A un mes y medio de haber estirado su contrato hasta el 31 de diciembre (porque vencía en abril), Damián Ayude fue echado por la dirigencia provisoria de San Lorenzo a primera hora de este martes luego de la fatídica noche negra del 2-5 ante Defensa y Justicia en un Nuevo Gasómetro que fue un verdadero cabildo abierto. El entrenador ya se despidió del plantel y ahora se busca reemplazante de manera urgente.

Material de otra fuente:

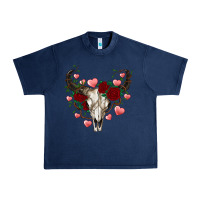 Navy valentines bull skull Urban Heavy Tee - RanaPortraitStore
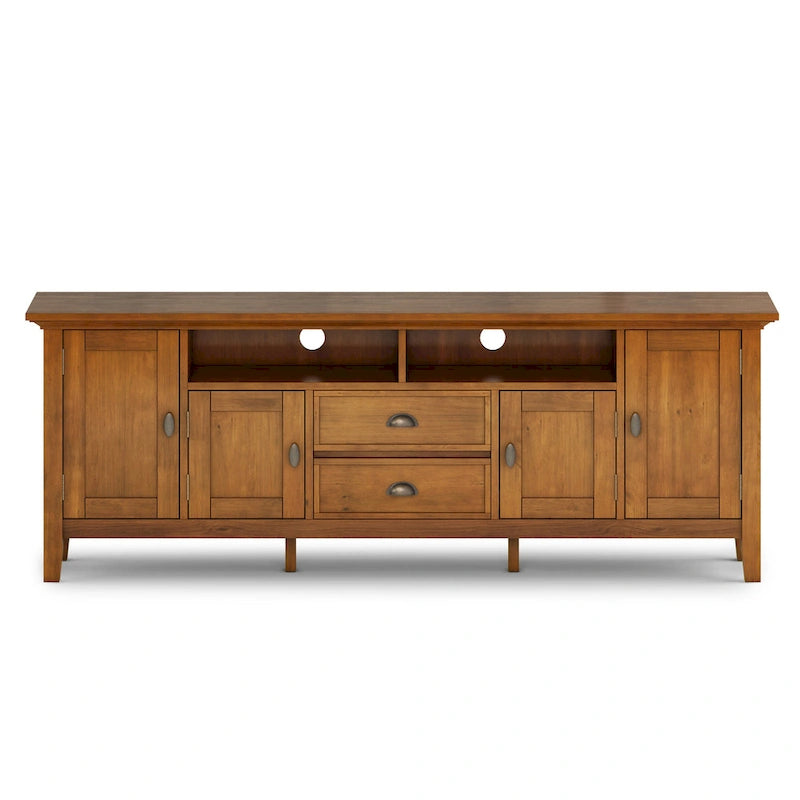 WYNDENHALL Mansfield SOLID WOOD 72 inch Wide Transitional TV Media Stand For TVs up to 80 inches - 72 W x 16.5 D x 26 H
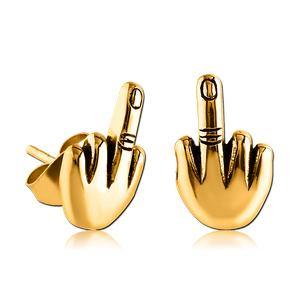 Gold Plated Middle Finger Earrings - Tulsa Body Jewelry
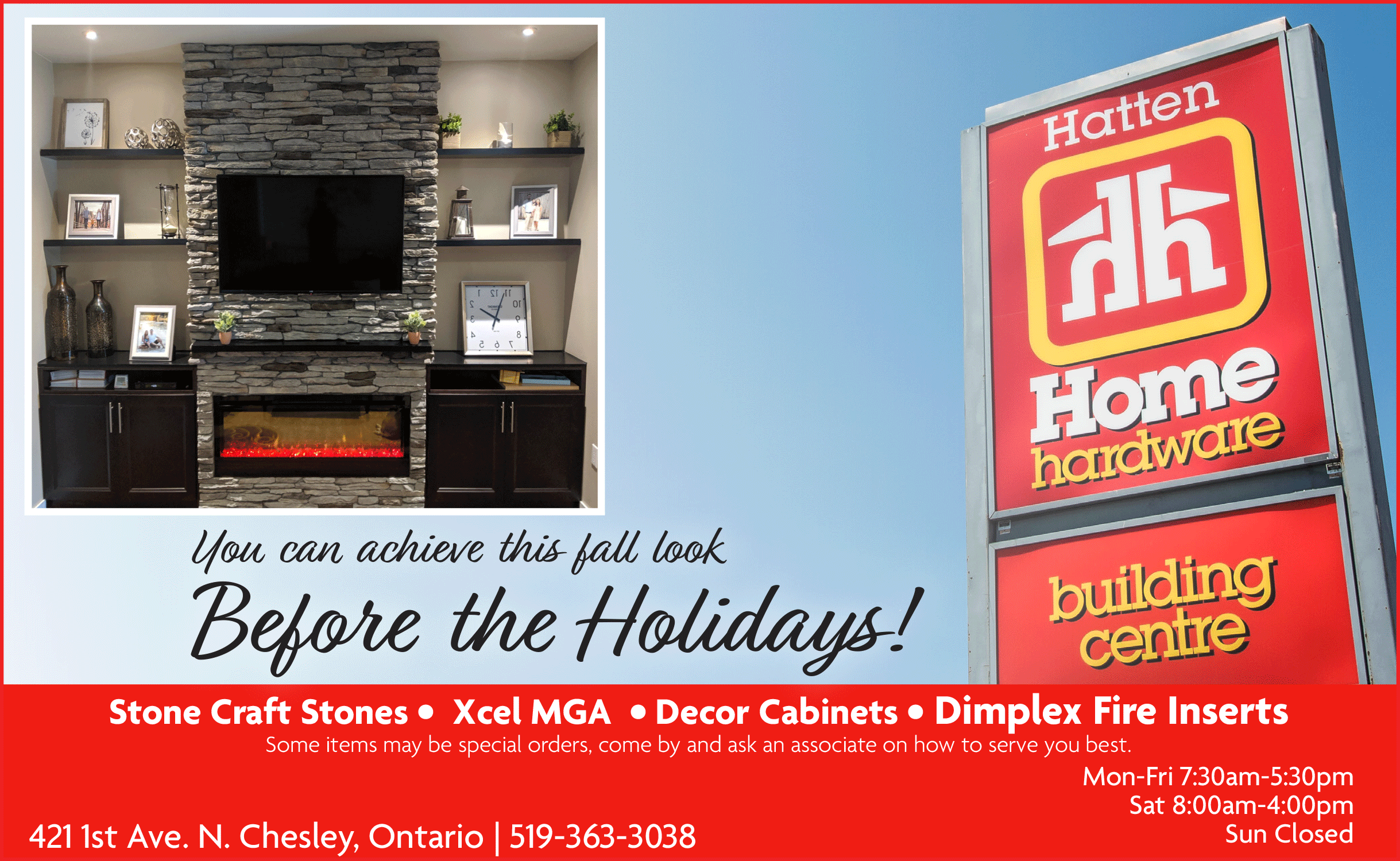 Hatten Home Hardware ad for shelving solutions with a image of a custom stone accent wall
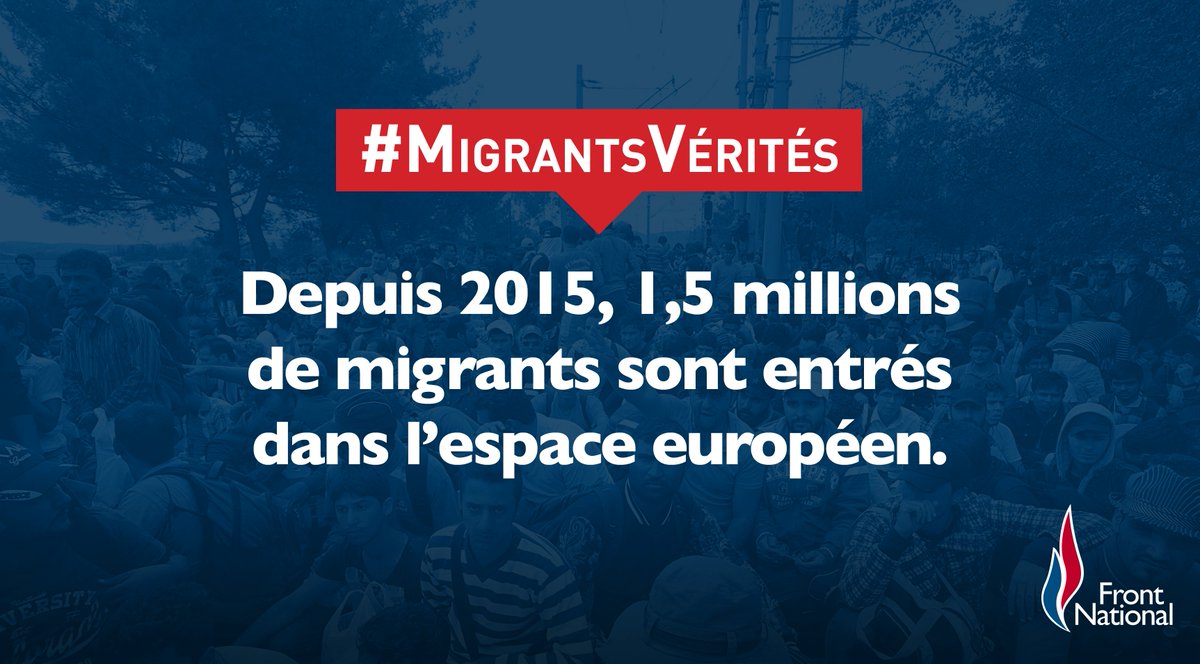 RNational_off's tweet photo. 📣 RT ! En ce "#MigrantsDay", la propagande immigrationniste tourne à plein régime. Logement, emploi, sécurité, sécurité sociale, sur tous ces sujets seul le Front National dit la vérité aux Français ! #MigrantsVérités https://t.co/KpFYhCpNA4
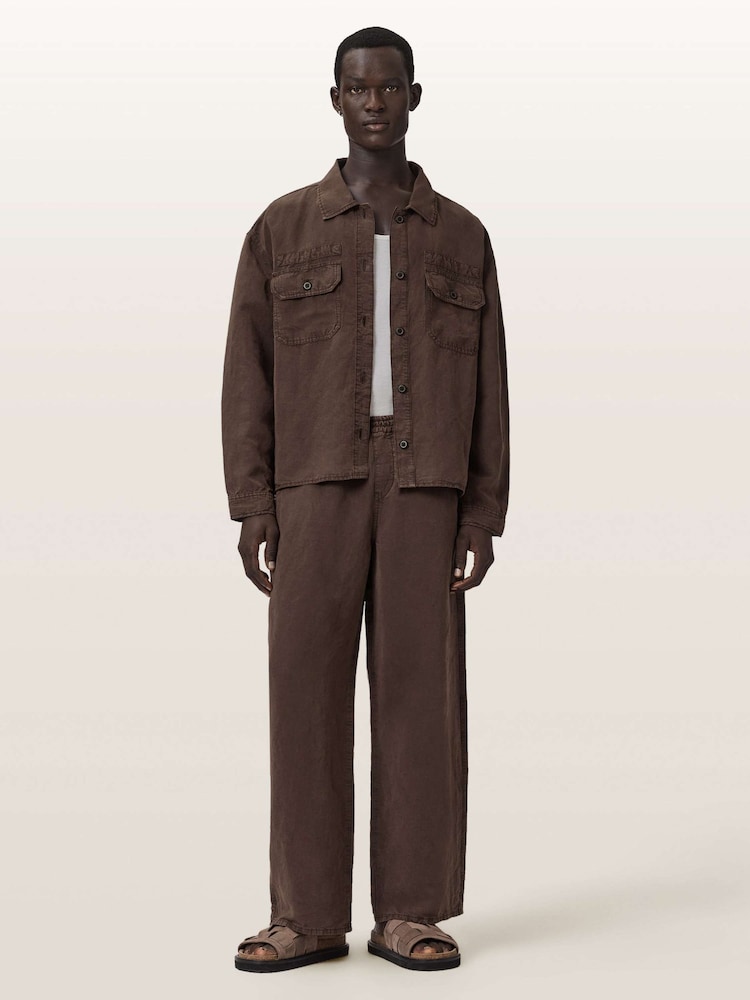 AllSaints Brown Korten Trousers - Image 2 of 6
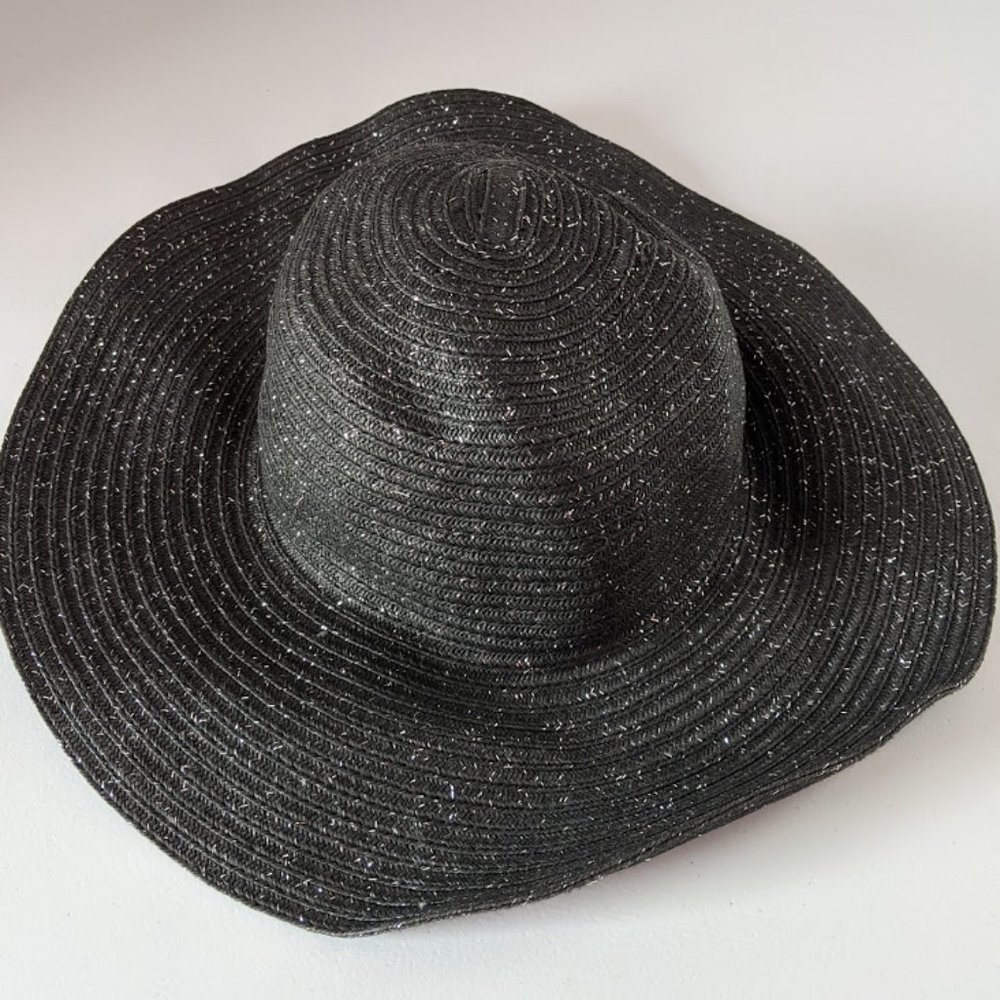 Black sparkle floppy beach hat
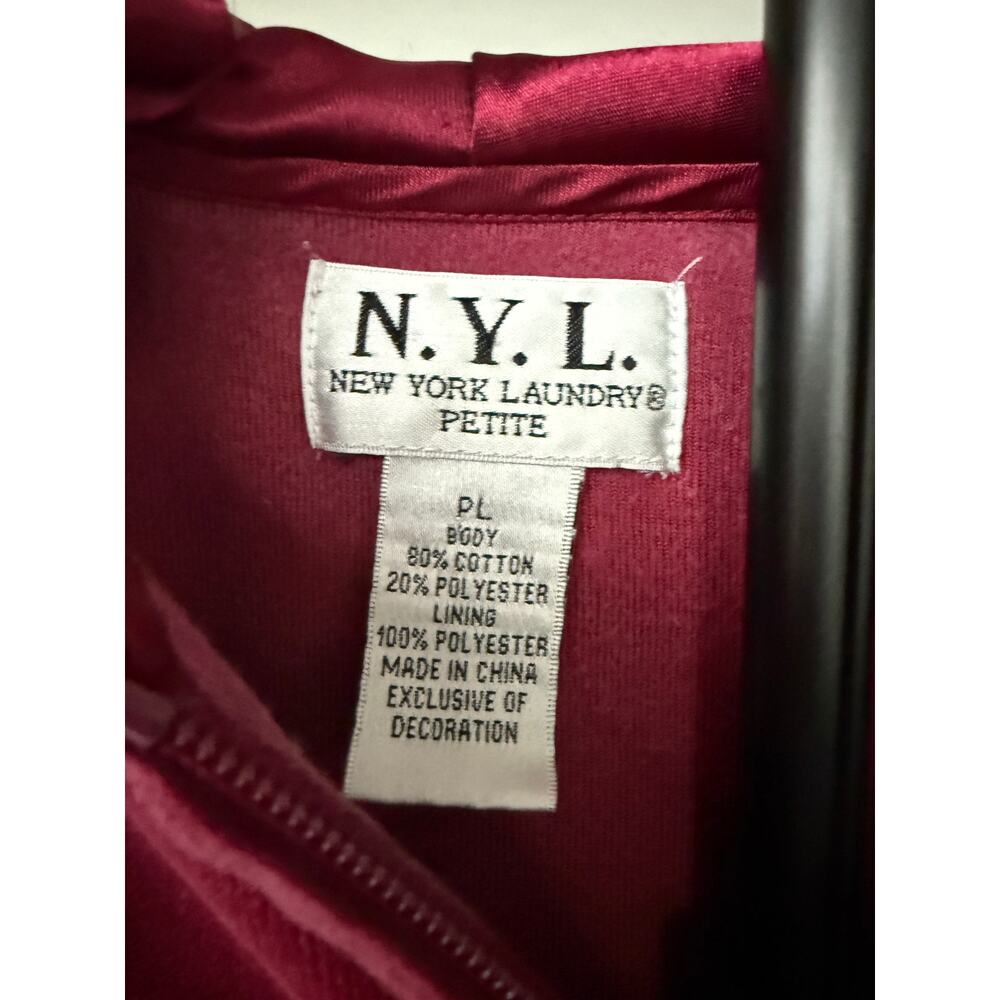 Y2K N.Y.L. New York Laundry Pink Velour Zip Up Hoodie Petite - Picture 3 of 7
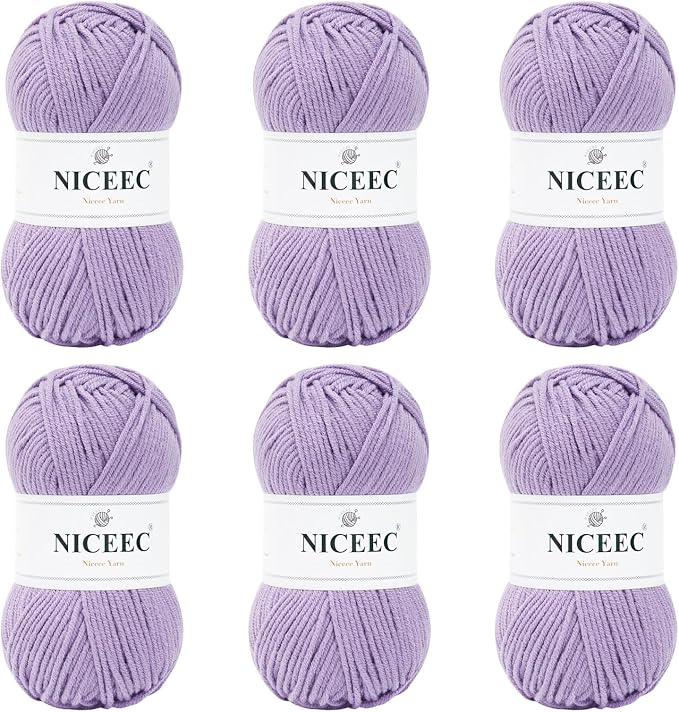 NICEEC 300g Soft Assorted Colors Yarn 100% Acrylic 870yds -Light Purple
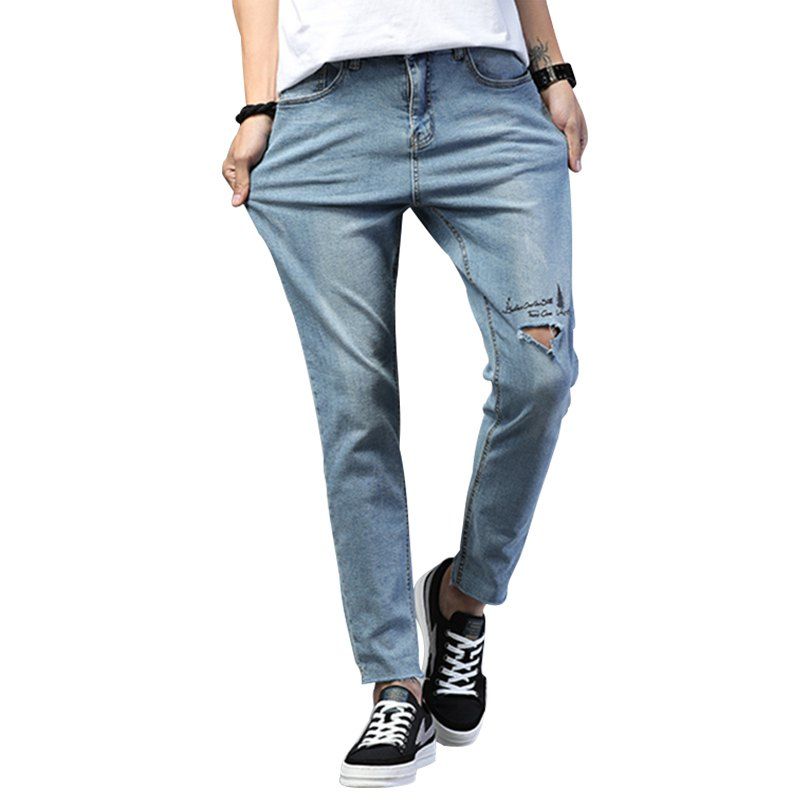 

Broken Hole Pocket Design Men's Jeans, Blue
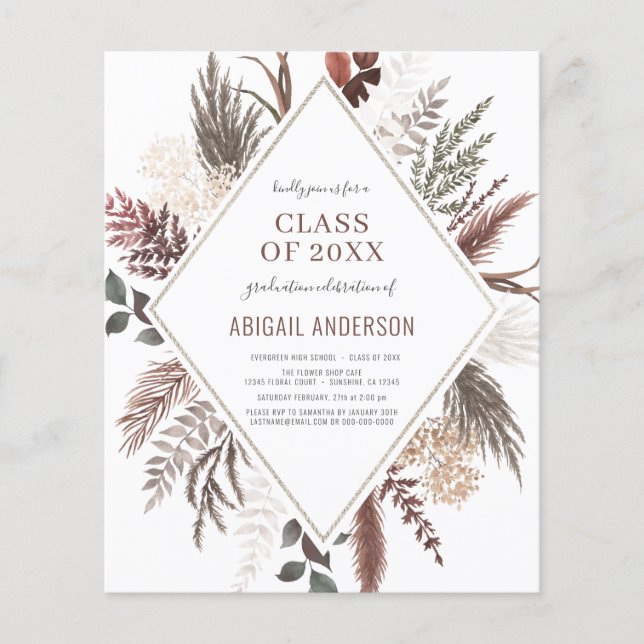 Budget Boho Class of 20223Foto Grad Einladung Flyer (Vorne)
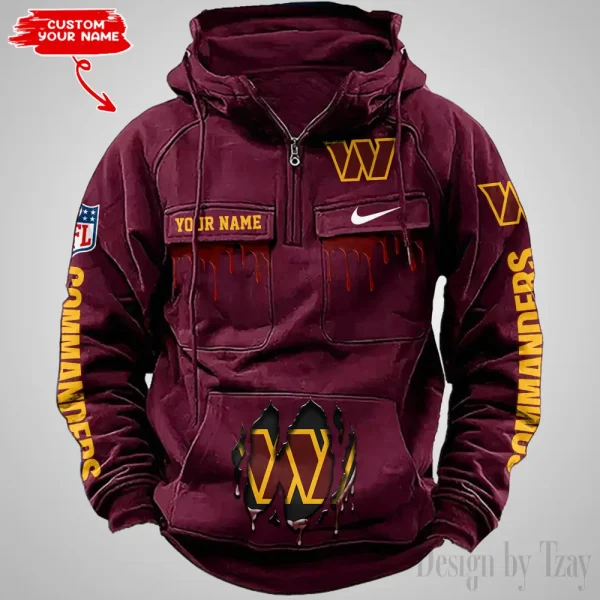 Washington Commanders Fashionable Outerwear Men's Autumn Winter Hooded Sweatshirt Cool Motorcycle Shirt AZVMHD957 - Image 3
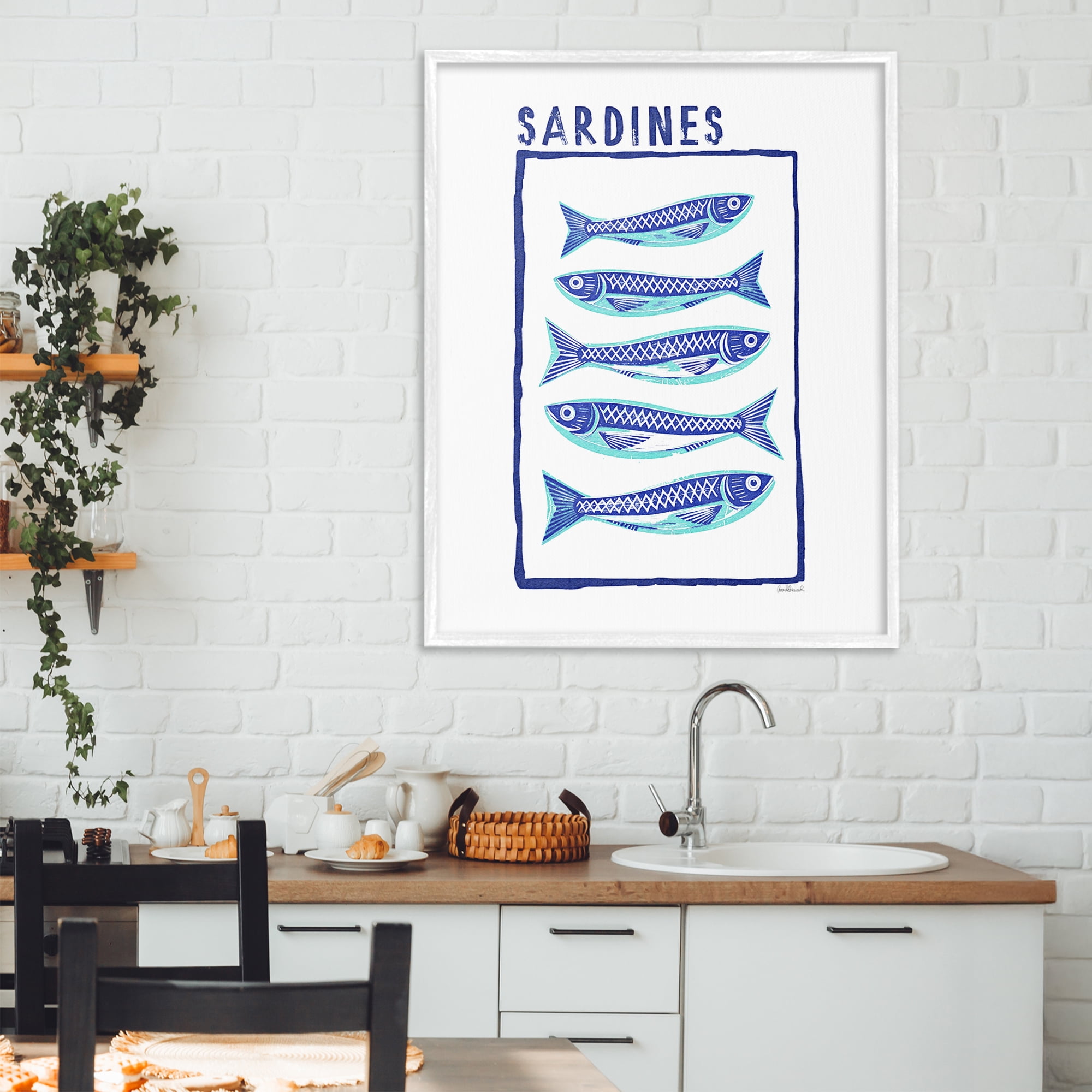 Stupell Industries Blocked Sardines Pattern White Framed Giclee Art, design by Amanda Greenwood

«No, obviamente no estoy pensando en dar un paso al costado. Somos optimistas en que va a cambiar la situación. Hay que trabajar para que esto no vuelva a suceder», había dicho Ayude en conferencia de prensa minutos después de consumada la goleada lapidaria.
Ningún dirigente había hablado con él antes de esa conferencia y esperaban que tuviera un gesto para ponerle él mismo fin a su ciclo después de un resultado que internamente consideraban «sacatécnico». Sin embargo, los directivos quedaron sorprendidos al ver y escuchar firme al entrenador con su intención de seguir pese a que el 2026 no pudo sostener ni el nivel ni la intensidad que llevó al equipo a clasificar a la Copa Sudamericana de este años en 2025.
En la mañana de este martes, el presidente Sergio Costantino y el flamante director de fútbol, Pablo Barrientos, le comunicaron a Ayude la decisión de correrlo de su cargo. ¿Por qué le renovaron el 3 de febrero para echarlo semanas después? «Debíamos extenderle sí o sí porque su vínculo terminaba en abril», le explicaron a Clarín desde Boedo.
Lo concreto es que la derrota ante Huracán en el Ducó fue un antes y un después puertas adentro. Desde ese partido comenzó a instalarse un tufillo a fin de ciclo en San Lorenzo, no por el resultado en sí sino por la manera: el compromiso y el corazón que tenía el equipo el año pasado había desaparecido.
La llegada de los refuerzos y su inclusión generaron ruido en el vestuario. Es que varios de los pibes que pusieron el pecho en tiempos turbulentos para sacar adelante lo futbolístico cuando el club era un descalabro perdieron su puesto ante el arribo de las caras nuevas.
El baile que le dio el Halcón de Mariano Soso terminó siendo lo que colmó la paciencia tanto de los hinchas como de los directivos transitorios. Su recorrido como técnico del elenco de Boedo tuvo entonces el siguiente saldo: 29 partidos dirigidos, con 9 victorias, 11 empates y 9 derrotas.
¿Y ahora qué? Alan Capobianco, actual técnico de la Reserva, se hará cargo interinamente del primer equipo y muy probablemente lo dirija este viernes ante Deportivo Rincón por la Copa Argentina.
Mientras, la dirigencia busca reemplazante. Y aquí se abre el debate en el mundo azulgrana: ¿debe esta Comisión transitoria contratar un nuevo entrenador sabiendo que el 30 de mayo hay elecciones? Alrededor del presidente Costantino piensan que no puede regalarse tiempo y que, con el arranque de la Sudamericana a la vuelta de la esquina y con la clasificación a los playoffs del Apertura comprometida, deben moverse rápido y definir un reemplazante con recorrido.
«No estamos para otra apuesta», dicen. Nombres de técnicos sin trabajo hay de sobra: desde Néstor Gorosito, un hombre del riñón del club siempre predispuesto a tomar el timón, pasando por Hernán Crespo, Cristian González, Ariel Holan, Ramón Díaz, Martín Palermo y Rodolfo Arruabarrena.